The Hangover Review

Old School Director Returms With New Hit Comedy

© Mike Lippert

Jun 22, 2009
Todd Phillips' newest film has bcome a huge suprise hit this summer, but does it actually live up to the hype?

Todd Phillips’ new comedy The Hangover has no insight, no emotional crux, and no driving artistic purpose other to be funny, and boy, is it ever funny.

The story involves an overnight trip to Vegas that includes, but is not limited to: A chicken, a baby, a tiger, a stolen police car, an Asian gangster, a chapel, a wedding singer who does renditions of 50 Cent songs and Mike Tyson.

Why? Well, for no better reason than because these things are funny. This is a rare film that’s every operation is performed in the name of comedy: every line is a punch line, every action is a sight gag and every plot twist is a comic reversal. It mimics the ethos of that scene in Juno where she tells Paulie Bleeker that he is so totally cool without ever really trying only for him to respond that he actually tries really hard.

What’s strange is that The Hangover is actually a good movie: well made and well acted to the point where the audience sort of actually cares what happens to these helpless boobs and so masterfully plotted that all of these things, in their own twisted kind of way, make perfect sense, which, of course, makes it even funnier.

A Night in Vegas

Here’s the story: four guys, the prudish Stu (The Office’s Ed Helms), the carefree sleaze Phil (future star leading man Bradley Cooper), the nearly handicapped Alan (Zack Galifianakis) and the engaged Doug (National Treasure’s Justin Bartha) all head to Vegas for a bachelor party before Doug is to be married a couple days later.

The night begins well enough, lodged in an exquisite villa suite at Caesar’s Palace (not the real Caesar’s Palace Alan finds out because, well, Caesar never actually lived there), with a shot or two of Jager on the rooftop, until the men wake up the next morning with a baby in the closet, a tiger in the bathroom, no sign of Doug and not the foggiest memory of how these things came to be.

That’s the plot description. The men have to put the puzzle together, one piece at a time, in hopes of finding their friend and getting him home before he is to be married. What they discover and how they discover this critic dares not even hint at.

Kafkaesque?

On paper, the plot description sounds like a mess of random comedic episodes that all try desperately for a laugh, but the comedy is so well plotted and Phillips so masterfully in control of his tone that it pulls off a tricky feat.

The story is so comically surreal that it seems to be unfolding in an alternate universe that takes on the guise of Vegas, but the dots, no matter how improbable, connect so seamlessly that it never feels as though it is overstretching the realms of human possibility, making it, you guessed it, even funnier.
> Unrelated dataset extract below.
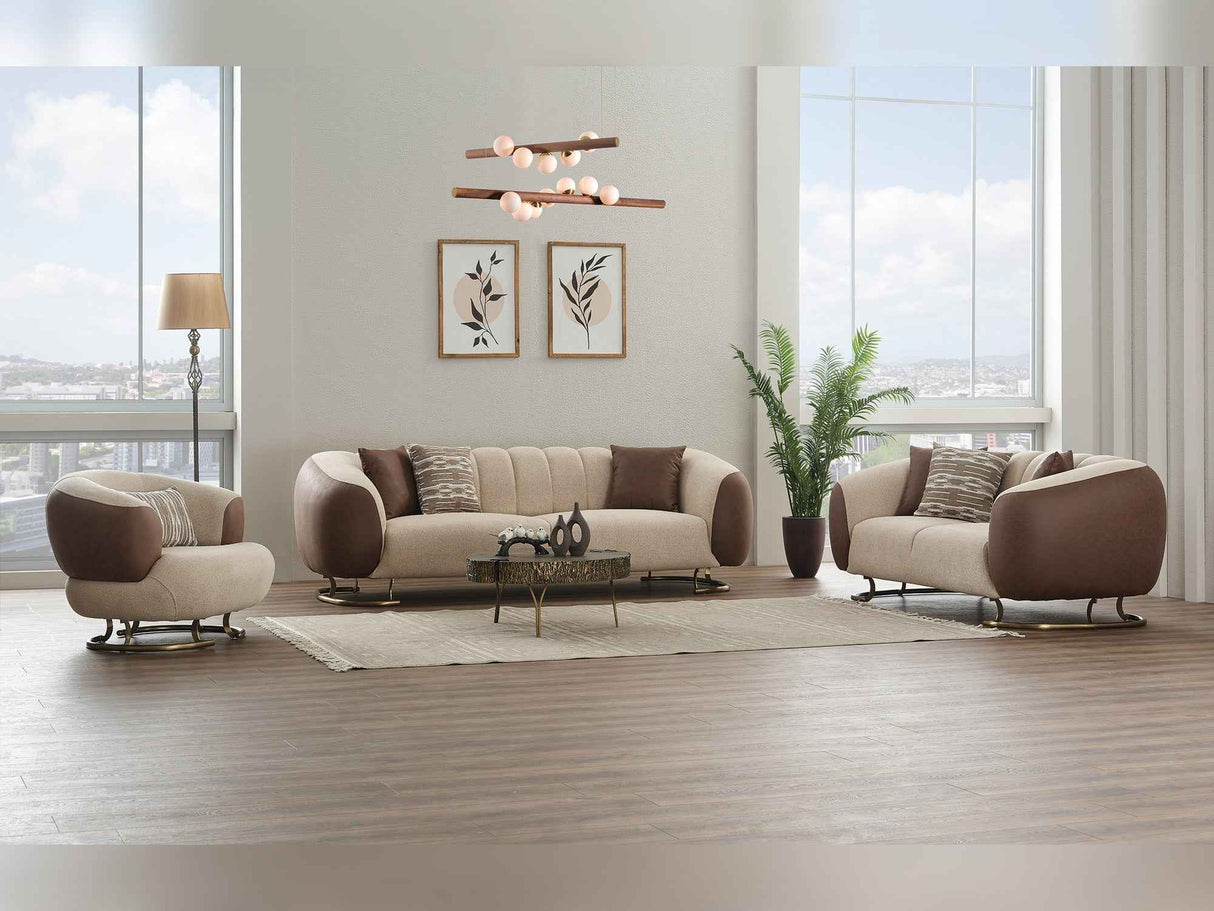 Palmera 3-pieces (Sofa & Loveseat & Chair) Livingroom Set in Cream by Furnia at Eve Furniture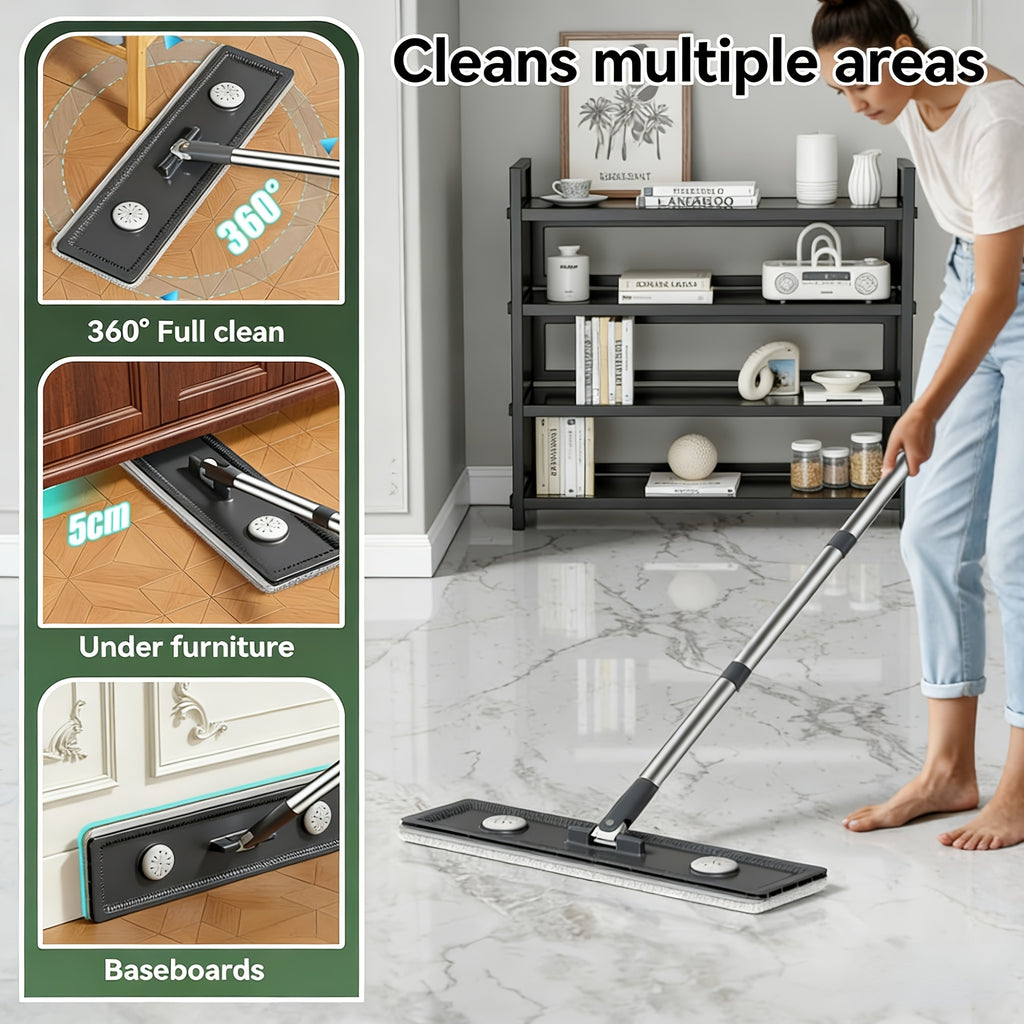 Mop And Bucket Set, Flat Mop And Bucket System, Mop Bucket with Wringer, Wall Mop with Adjustable Handle, 4 Washable Microfiber Mop Pads, Mops for Floor Cleaning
In that sense the film is strangely similar to that most underrated of Scorsese masterpieces After Hours, which sees a mookish copy editor venture out looking for a sexual encounter one night and ends being hilariously pursued by a crazed gang through the streets of Soho who believe him a thief and a murderer.
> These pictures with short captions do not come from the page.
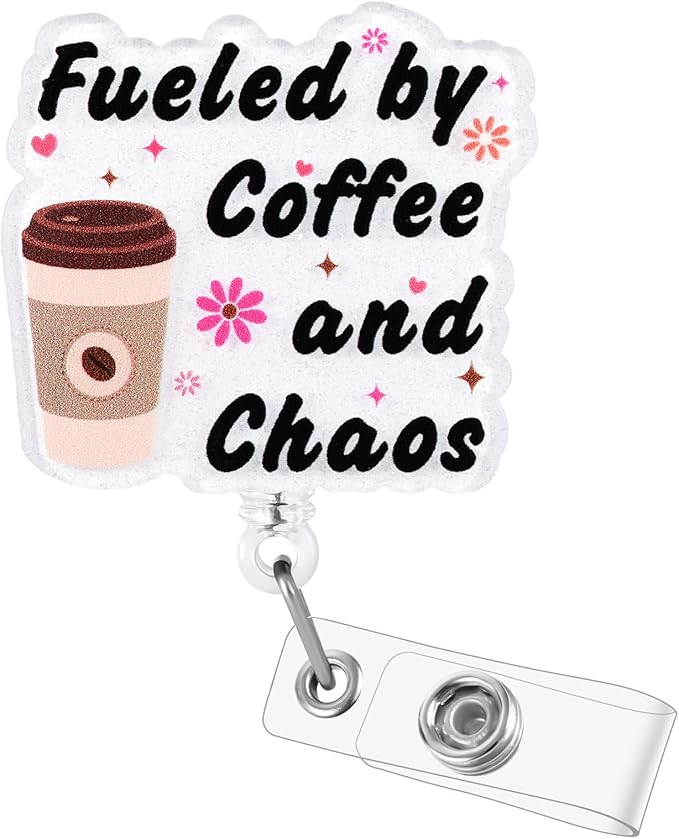 Fueled by Coffee and Chaos Funny Nurse Badge Reel, Cute Retractable ID Badge by LINAYOHA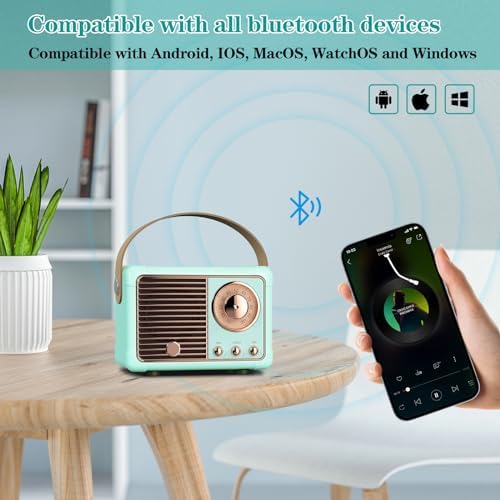Retro Bluetooth Speaker, Vintage Decor, Wireless Portable Mini Bluetooth Speaker, Small Cute Old Fashion Style for Kitchen Desk Bedroom Home Office Party Outdoor Gift (Blue) - Image 2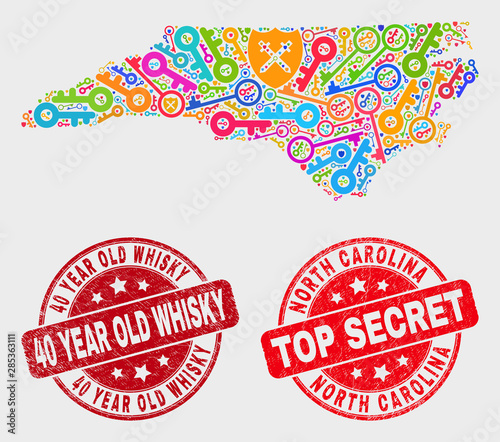 Safety North Carolina State map and seal stamps. Red round Top Secret and 40 Year Old Whisky grunge seal stamps. Bright North Carolina State map mosaic of different safeguard symbols.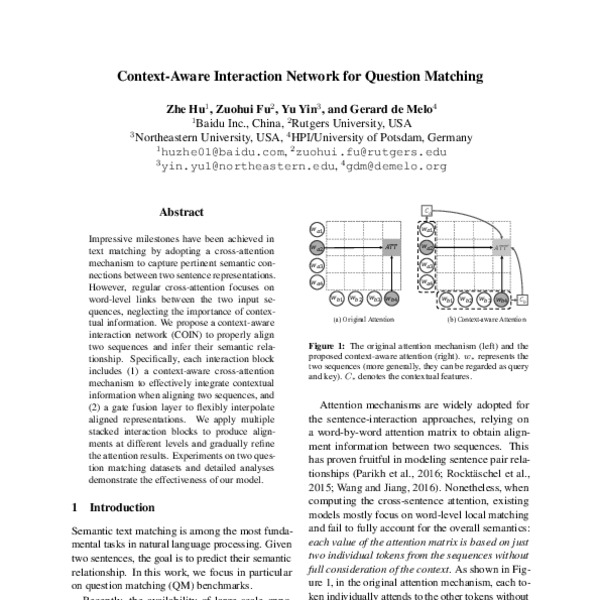 ContextAware Interaction Network for Question Matching ACL Anthology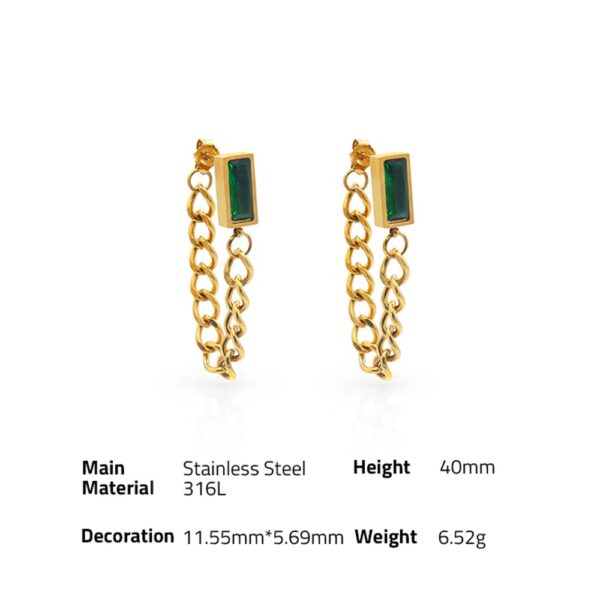 Chris April In Stock Fashion Jewelry 316L Stainless Steel PVD gold plated minimalist Emerald zircon tassels chain earrings - Image 6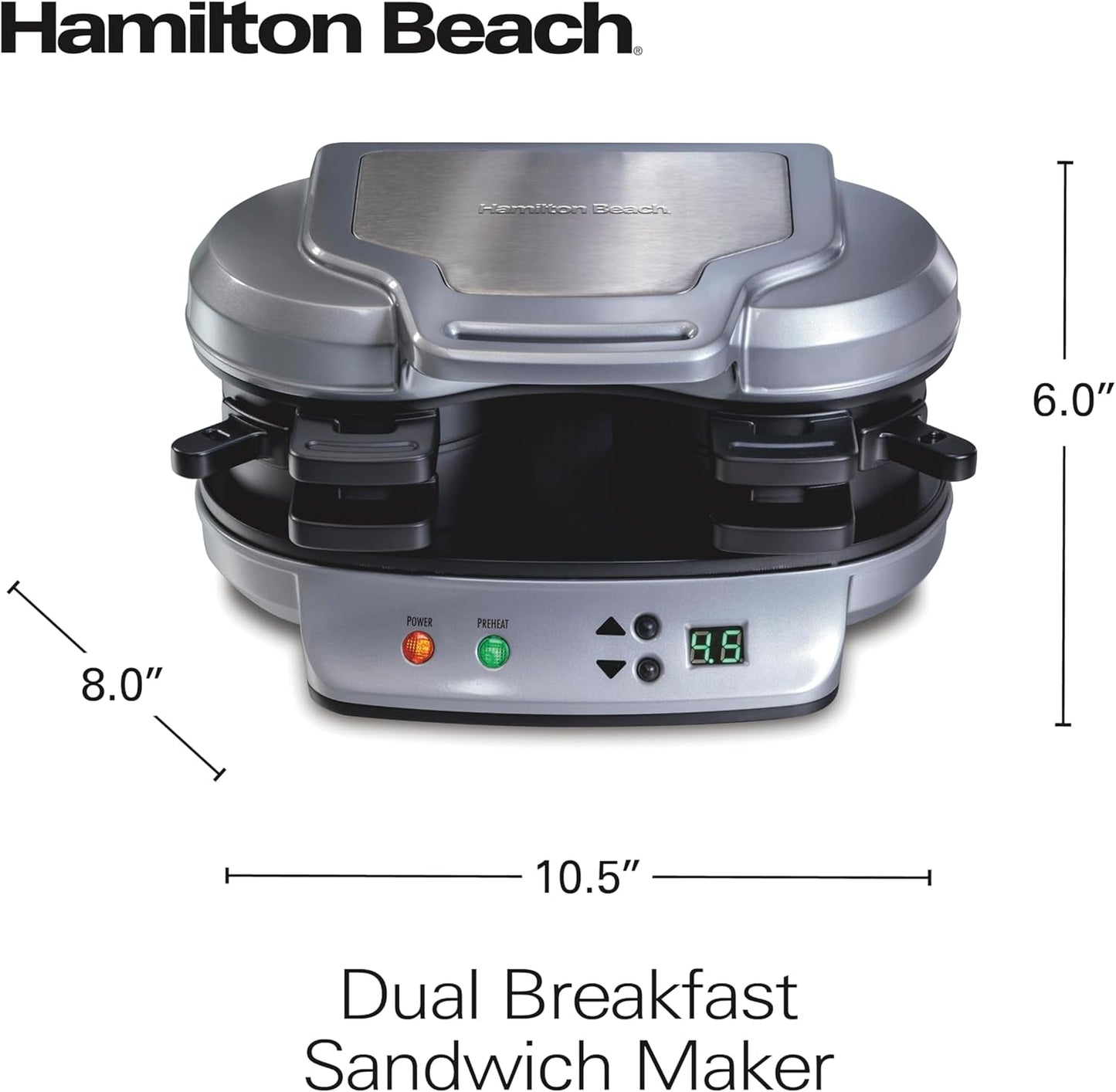 Dual Breakfast Sandwich Maker with Timer, Silver (25490A)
If The Hangover weren’t so deviously perverse it would be considered Kafkaesque. Neat trick, eh?

Stars are Born

But the film’s success lies in its stars and their ability to recite razor-sharp dialogue as if, and here’s the key, they were actually talking, not trying to be funny.

Take Alan, who is played by Zach Galifianakis, and, let’s face it, steals the show. A bad actor would play this sidekick comic relief part as if he knew he was the funniest thing in the movie (see Dan Fogler do a hatchet job to the same kind of character in the horrible Fanboys), but Galifianakis is too gifted a performer for that and instead builds an original character from the ground up.

Alan isn’t funny, stupidity just comes naturally to him, and you love him for it. Watch how Galifinanakis delivers lines of dialogue like, “We couldn’t remember anything last night. Remember?” and one will begin to see the next great star of comedy emerging. Or take this exchange:

Stu: I can’t believe I gave my grandma’s Holocaust ring to someone I don’t even know.

Alan: I didn’t know they gave out rings during the Holocaust.

There haven’t been lines of dialogue that unashamedly funny since the”Don’t call me Shirley” days of the Airplane and Naked Gun movies.

Verdict

And that’s it. The movie is funny and then it ends, waiting until the next viewing when it will be funny again.

It isn’t sweet, caring, charming, concerned for the well being of anyone, and doesn’t even care if it’s likeable or not despite always somehow managing to be; as long as it’s getting a laugh. Good for it.

There aren’t many comedies for adults, about adults anymore. The only way to rate its success then, is in whether or not the viewer laughed. This critic laughed a lot.